My port is using a device tree to describe the system architecture. This makes it easier to build a single kernel image that can boot on multiple moxie implementations. There’s a good paper on this relatively new infrastructure here: http://ols.fedoraproject.org/OLS/Reprints-2008/likely2-reprint.pdf. If you’ve been following this project, you may recall that console I/O is implemented differently on the gdb and qemu simulators. For the gdb simulator we use a software interrupt instruction (swi) to escape to the simulator, but the qemu port uses a real simulated serial device. This means they need different console devices in the kernel to print boot messages. The device tree is a nice way to describe differences like this and have a single kernel image to boot in both environments.

Also, as predicted, I actually used moxie gdb’s reverse debugging feature to help debug my kernel bring-up. It was really useful a couple of times and has probably saved me the amount of effort required to implement it in the first place already!

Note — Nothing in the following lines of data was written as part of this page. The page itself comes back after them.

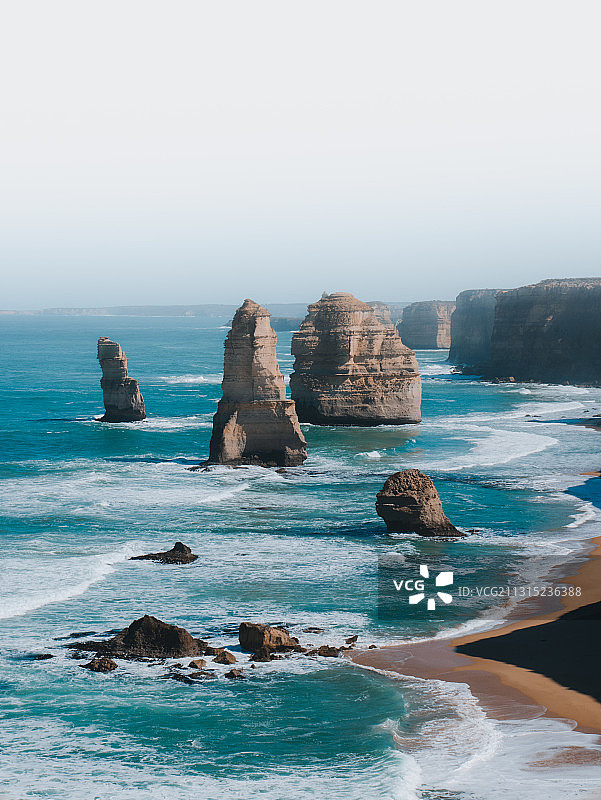 澳大利亚维多利亚州十二使徒岩海岸风光图片素材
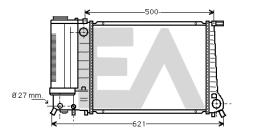 ElectroAuto 31R07044 - RADIADOR AGUA BMW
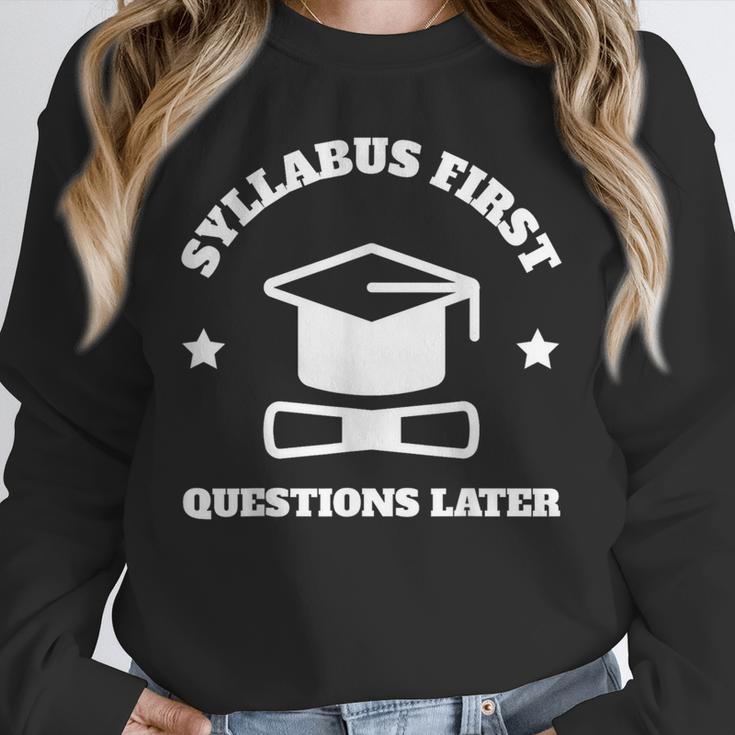 SYLLABUS PROFESSOR TEACHER Unisex Sweatshirt, novelty gifts, funny gifts SYLLABUS PROFESSOR TEACHER Unisex Sweatshirt, novelty gifts, funny gifts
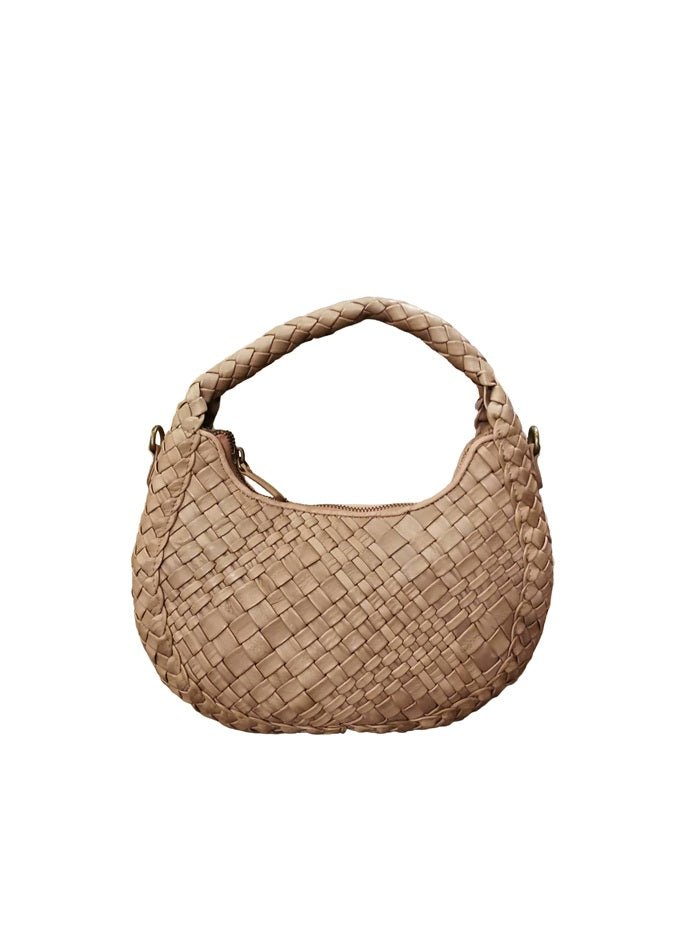 Borsa piccola intrecciata in pelle Visonà ESMERALDA 20300 Mauve - Pelletteria Allegrini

The next week is going to be very busy for me, so I don’t expect to get much done. We’ll see…

The Moxie Linux port

Thursday, July 23rd, 2009

I’ve just checked the start of the kernel port into moxiedev. Running “ant build” will produce tools, simulators, u-boot and now a vmlinux you can run with moxie-elf-run or in gdb. It crashes on startup right now, but that’s to be expected. I just got it to the point where it links. More to come…